Haley cited voter ID laws as “a good example” of how everyone can “benefit from walking in each other’s shoes.”
“A good example in the civil rights arena is in voter ID laws. There are those who act as if any effort whatsoever to maintain the integrity of the voting process is a racist attack against civil rights. Well that’s just not true. Requiring people to show a photo ID before they vote is a reasonable measure,” Haley said in a speech on economic and social changes in the South.
Haley said she also met Rev. Jesse Jackson at the shooting victims’ funerals, and she considers him a friend.
“I now count Rev. Jesse Jackson as a friend. I got to know him through the funerals. He’s a native South Carolinian, who has done some amazing things with his career with voter registration. I will say this: Any time Rev. Jackson wants to do a voter registration drive in South Carolina, I will stand shoulder-to-shoulder with him. I want to make it easy for everyone who is rightfully eligible to vote to do so,” she said.
As for the idea of requiring a picture ID to vote, Haley said her state has made it easy for the poor to obtain photo IDs by offering rides to any citizen throughout the state to their local Department of Motor Vehicles. There, the eligible voter can obtain a photo ID for free, she said.
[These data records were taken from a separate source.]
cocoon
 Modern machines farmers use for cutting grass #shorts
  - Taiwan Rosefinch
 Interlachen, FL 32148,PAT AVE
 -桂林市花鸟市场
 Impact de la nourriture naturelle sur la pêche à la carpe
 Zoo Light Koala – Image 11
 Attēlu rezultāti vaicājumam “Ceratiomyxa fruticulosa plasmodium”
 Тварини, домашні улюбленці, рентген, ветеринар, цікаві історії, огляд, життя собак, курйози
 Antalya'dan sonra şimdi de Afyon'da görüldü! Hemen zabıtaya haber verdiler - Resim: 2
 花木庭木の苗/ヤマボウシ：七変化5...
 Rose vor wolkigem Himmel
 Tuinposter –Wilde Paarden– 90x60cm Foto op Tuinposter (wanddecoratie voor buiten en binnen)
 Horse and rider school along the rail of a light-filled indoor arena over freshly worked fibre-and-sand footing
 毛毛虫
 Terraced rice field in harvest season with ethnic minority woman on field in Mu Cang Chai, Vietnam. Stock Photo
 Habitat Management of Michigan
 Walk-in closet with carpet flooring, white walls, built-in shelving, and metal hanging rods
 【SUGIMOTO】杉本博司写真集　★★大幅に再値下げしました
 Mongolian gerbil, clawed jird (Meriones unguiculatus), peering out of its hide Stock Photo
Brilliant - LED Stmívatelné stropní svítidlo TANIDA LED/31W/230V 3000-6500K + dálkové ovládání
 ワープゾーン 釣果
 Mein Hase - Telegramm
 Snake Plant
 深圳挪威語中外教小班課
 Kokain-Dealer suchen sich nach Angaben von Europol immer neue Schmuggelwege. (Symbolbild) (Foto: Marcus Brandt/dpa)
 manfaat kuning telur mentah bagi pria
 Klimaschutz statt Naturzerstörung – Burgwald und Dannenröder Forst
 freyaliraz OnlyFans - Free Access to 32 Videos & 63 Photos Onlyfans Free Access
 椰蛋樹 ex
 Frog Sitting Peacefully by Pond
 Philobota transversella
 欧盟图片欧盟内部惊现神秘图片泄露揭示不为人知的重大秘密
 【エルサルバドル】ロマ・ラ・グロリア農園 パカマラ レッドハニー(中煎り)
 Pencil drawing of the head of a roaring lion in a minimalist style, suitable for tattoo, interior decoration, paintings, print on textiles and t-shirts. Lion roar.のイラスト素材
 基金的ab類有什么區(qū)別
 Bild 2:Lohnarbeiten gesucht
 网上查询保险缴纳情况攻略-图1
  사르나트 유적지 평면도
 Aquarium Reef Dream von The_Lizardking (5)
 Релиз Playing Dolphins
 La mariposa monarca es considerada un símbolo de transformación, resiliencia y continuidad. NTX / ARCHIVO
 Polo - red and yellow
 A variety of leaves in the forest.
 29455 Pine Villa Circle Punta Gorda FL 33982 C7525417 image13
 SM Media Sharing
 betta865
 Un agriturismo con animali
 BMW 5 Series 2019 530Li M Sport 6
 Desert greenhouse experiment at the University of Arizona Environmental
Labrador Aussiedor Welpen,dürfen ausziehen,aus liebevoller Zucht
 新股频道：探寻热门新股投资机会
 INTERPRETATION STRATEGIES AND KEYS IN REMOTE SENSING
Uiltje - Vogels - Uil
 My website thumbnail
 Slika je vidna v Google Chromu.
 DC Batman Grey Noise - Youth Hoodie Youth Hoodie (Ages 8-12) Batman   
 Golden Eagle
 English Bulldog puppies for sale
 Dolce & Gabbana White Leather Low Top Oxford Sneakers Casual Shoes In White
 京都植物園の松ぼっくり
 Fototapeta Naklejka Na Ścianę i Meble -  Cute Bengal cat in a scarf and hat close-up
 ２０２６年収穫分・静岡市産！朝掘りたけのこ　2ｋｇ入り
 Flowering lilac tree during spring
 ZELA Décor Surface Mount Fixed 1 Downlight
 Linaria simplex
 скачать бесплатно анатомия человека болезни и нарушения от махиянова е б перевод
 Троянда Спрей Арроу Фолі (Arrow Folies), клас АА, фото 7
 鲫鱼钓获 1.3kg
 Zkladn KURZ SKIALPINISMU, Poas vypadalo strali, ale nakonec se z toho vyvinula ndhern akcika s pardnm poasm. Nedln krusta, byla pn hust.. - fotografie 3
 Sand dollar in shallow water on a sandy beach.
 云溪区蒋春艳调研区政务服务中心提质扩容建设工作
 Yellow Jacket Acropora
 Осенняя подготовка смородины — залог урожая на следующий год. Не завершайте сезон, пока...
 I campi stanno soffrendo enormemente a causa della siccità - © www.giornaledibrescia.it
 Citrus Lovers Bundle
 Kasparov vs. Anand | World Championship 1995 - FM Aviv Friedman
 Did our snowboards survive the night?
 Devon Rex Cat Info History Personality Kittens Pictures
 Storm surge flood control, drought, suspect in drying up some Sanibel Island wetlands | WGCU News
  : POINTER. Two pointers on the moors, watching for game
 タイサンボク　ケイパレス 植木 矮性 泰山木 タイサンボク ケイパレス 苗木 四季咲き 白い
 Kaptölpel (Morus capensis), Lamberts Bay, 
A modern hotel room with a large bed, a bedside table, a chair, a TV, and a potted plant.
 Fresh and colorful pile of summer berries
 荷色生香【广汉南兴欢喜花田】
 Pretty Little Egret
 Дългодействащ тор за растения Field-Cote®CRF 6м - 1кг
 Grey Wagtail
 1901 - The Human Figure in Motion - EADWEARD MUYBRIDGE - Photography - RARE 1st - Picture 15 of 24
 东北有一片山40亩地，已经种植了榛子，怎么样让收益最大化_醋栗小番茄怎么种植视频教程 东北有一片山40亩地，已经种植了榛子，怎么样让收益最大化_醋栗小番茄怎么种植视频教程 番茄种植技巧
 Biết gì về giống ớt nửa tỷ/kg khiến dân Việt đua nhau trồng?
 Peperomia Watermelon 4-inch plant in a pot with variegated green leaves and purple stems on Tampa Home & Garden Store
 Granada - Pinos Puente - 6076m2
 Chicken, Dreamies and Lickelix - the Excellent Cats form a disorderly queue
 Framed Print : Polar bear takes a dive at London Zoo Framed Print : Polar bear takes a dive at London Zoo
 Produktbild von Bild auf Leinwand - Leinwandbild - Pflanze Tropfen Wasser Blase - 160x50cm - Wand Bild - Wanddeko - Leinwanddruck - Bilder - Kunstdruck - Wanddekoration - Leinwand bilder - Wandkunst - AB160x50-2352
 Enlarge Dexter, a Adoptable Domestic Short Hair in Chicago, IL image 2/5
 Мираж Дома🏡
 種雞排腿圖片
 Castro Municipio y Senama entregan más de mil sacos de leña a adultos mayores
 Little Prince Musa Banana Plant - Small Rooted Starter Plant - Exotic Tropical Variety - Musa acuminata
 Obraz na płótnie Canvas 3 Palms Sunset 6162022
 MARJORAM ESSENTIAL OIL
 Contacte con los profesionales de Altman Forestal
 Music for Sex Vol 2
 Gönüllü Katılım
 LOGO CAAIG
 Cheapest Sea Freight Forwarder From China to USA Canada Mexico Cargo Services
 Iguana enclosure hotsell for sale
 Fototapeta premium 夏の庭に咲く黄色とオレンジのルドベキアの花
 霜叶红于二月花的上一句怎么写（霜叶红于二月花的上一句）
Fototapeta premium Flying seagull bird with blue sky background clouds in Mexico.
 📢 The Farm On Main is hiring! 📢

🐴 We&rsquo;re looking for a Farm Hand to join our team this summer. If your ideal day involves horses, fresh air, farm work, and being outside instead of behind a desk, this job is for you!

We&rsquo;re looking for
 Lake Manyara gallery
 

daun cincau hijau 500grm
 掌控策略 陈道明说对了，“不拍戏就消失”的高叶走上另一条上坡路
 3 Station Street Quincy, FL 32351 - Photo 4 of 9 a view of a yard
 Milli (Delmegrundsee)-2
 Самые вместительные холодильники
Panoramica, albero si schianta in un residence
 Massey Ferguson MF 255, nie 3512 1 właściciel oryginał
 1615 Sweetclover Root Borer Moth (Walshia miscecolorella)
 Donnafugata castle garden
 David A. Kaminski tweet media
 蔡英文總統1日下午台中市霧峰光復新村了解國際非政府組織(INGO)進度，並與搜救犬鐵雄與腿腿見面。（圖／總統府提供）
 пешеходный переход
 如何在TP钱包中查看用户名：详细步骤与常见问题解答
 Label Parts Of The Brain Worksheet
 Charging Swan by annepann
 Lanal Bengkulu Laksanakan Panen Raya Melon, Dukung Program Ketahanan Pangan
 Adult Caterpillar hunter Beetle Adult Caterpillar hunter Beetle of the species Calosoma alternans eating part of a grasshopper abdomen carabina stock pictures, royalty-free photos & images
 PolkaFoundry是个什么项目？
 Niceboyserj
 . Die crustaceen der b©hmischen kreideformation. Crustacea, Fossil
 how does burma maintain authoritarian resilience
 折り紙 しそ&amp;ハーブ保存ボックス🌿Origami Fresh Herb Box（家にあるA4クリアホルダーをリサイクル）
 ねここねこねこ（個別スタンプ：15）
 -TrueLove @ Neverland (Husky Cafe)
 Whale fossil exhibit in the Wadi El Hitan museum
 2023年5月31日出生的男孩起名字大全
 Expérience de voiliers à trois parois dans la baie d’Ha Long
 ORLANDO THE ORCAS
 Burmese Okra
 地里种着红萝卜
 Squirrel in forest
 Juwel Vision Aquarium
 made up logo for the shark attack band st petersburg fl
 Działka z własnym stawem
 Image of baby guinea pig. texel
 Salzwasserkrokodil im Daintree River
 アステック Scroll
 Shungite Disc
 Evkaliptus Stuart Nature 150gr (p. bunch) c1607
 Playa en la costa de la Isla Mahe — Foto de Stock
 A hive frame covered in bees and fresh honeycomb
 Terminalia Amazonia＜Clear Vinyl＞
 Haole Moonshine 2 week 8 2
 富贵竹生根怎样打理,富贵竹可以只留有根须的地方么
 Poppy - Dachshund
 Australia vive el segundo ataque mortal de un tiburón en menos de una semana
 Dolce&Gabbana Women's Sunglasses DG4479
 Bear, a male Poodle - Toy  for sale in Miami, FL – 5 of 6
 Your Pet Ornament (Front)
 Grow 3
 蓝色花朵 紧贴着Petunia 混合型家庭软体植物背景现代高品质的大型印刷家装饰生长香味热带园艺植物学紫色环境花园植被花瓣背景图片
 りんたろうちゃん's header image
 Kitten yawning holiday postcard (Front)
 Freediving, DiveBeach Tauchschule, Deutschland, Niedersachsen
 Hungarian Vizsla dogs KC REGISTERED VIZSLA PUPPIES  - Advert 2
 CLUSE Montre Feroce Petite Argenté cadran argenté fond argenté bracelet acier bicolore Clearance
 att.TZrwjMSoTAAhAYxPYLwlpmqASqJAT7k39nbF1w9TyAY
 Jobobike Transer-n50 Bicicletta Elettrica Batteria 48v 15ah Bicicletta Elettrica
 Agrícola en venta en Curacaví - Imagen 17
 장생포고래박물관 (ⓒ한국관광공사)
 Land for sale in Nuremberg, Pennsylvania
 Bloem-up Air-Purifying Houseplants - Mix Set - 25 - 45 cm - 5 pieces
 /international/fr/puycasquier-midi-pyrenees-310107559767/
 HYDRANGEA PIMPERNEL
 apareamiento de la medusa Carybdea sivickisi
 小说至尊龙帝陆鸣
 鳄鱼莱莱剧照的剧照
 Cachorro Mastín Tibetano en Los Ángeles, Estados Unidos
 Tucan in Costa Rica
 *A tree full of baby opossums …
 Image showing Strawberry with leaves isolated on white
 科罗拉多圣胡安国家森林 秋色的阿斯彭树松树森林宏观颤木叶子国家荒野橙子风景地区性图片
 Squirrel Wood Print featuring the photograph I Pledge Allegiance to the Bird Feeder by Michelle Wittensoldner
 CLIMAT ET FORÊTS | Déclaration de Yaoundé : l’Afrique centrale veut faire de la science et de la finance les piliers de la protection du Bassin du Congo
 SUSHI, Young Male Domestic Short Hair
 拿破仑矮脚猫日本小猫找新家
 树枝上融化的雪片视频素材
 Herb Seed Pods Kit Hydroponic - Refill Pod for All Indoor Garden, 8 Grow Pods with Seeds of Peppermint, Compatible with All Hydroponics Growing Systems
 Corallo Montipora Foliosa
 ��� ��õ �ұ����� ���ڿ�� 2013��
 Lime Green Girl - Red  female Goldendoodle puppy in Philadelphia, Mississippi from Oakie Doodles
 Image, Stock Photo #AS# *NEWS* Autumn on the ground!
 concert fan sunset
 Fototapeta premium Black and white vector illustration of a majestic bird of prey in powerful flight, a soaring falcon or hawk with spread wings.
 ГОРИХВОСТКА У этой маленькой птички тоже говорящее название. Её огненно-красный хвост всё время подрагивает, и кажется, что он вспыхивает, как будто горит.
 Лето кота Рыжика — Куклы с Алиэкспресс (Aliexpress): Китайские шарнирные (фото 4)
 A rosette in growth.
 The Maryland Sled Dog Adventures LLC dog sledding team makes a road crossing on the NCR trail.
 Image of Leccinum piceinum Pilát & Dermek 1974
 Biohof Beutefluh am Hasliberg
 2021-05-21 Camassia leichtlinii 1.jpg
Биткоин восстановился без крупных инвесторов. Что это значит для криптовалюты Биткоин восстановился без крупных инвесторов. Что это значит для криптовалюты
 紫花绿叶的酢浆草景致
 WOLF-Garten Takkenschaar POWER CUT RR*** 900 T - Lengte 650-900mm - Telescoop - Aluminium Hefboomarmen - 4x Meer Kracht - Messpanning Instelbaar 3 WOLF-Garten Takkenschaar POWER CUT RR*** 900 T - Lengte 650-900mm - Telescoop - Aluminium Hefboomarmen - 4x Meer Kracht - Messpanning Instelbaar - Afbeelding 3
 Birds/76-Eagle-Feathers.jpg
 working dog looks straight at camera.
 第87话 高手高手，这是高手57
“For most people, showing a picture ID is no burden, but I recognize that for some, it is a burden, and those are disproportionately poor, elderly or disabled, which is why South Carolina, we offered rides to any citizen, anywhere in the state, to get to their local DMV and get a free picture ID,” Haley said.
“So let’s not throw out voter ID laws. The integrity of our democracy is too important for that, but let’s figure out ways to make it easy and cost-free for every eligible voter to obtain a photo ID. That way, everyone who wants to vote can vote,” she added.